Straight from the Racing Beat Rotary Performance Technical Manual:

"The Mazda factory does not recommend the use of synthetic oils in their rotary engines - specifically addressing this issue in the Owner's Manual.

In 1979, Racing Beat began testing synthetic lubrication products. Without a doubt, the best synthetic oils do perform well in extreme heat (over 300 F) and extreme cold (below 32 F), but by the nature of Mazda's rotary engine, the oil temperature never exceeds 250 F without severe engine damage due to other factors. In Souther California, we have difficulty seeing the low-temperature benefits: however, when we put synthetic lubricants in the engine, transmission, and differential in our IMSA GTU race car, we immediately saw what we later found to be a common result: The oil temperature in all three locations dropped 5 to 10 F for the same operating conditions. This is apparently due to two factors: reduced friction between sliding surfaces, and reduced foaming.

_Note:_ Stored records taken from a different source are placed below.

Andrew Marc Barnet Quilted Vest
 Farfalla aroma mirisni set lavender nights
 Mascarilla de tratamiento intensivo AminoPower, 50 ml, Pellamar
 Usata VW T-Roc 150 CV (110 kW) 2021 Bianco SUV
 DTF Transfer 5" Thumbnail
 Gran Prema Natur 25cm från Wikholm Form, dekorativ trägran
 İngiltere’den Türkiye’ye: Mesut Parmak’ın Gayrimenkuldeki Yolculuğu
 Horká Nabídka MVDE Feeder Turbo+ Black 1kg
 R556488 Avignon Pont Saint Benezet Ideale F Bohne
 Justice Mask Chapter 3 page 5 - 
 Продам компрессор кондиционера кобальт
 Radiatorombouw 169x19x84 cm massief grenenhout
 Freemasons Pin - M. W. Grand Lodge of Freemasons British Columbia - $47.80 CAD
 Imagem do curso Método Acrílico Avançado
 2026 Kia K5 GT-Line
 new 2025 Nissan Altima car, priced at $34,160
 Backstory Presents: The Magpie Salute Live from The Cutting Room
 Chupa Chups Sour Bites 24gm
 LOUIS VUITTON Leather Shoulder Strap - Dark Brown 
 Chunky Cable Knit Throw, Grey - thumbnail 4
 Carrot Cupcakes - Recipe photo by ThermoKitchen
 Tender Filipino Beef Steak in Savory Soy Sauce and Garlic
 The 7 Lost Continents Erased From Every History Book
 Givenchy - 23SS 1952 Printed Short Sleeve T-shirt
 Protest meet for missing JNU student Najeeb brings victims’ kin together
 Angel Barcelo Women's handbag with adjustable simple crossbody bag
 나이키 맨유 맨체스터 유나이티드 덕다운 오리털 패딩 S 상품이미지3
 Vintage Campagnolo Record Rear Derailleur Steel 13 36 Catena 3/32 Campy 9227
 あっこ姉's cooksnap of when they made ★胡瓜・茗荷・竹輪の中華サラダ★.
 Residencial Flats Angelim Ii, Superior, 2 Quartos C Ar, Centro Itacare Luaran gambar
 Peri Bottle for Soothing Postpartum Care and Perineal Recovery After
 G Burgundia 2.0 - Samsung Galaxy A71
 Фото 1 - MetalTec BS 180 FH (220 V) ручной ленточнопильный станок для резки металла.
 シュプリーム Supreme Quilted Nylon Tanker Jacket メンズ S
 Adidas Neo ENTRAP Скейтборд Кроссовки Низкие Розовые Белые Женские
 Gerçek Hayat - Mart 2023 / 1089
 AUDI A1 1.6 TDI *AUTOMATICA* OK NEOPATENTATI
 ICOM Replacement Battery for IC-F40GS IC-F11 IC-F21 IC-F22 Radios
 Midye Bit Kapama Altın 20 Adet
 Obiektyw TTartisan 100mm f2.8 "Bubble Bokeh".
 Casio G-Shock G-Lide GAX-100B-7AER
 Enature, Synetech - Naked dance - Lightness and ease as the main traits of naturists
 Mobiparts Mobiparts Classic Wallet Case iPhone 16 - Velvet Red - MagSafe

As we continued to use synthetic oil products it became clear that they genuinely reduced wear. We also found benefits in street use. On two occassions, cars with "scratchy" transmissions synchronizers were completely cured by a change to synthetic gear lube. After many years of experience with these products we have observed only one problem: because of the reduced friction, the time necessary to break in an engine, transmission, or limted slip differential (standard differentials are no problem) is excessively long, so we recommend using mineral oil in all three for a time to ensure rapid break in."